■ **Aim of the task**
Begin the copy at the line containing "Bronquite asmática: o" in the data below and end it at the line containing "ふっとっと/爪ケア before after", keeping each line exact and leaving out pictures.

■ **Input**

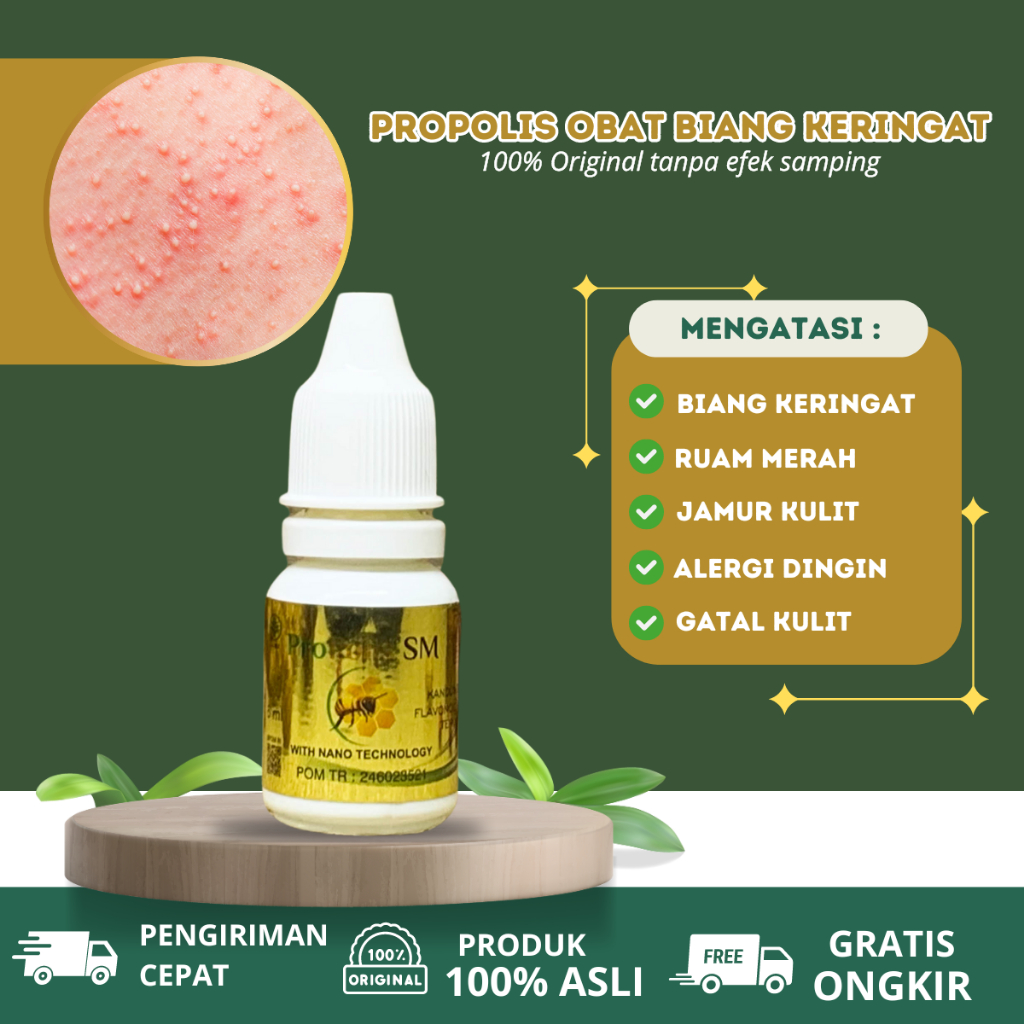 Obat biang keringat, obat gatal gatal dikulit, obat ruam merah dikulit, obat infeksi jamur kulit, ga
---
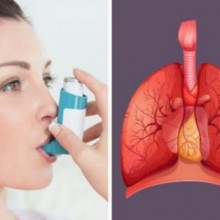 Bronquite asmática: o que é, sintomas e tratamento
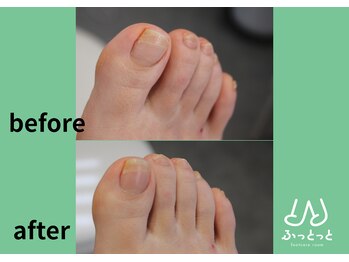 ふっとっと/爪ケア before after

■ **Answer to the exercise**
 Bronquite asmática: o que é, sintomas e tratamento
 ふっとっと/爪ケア before after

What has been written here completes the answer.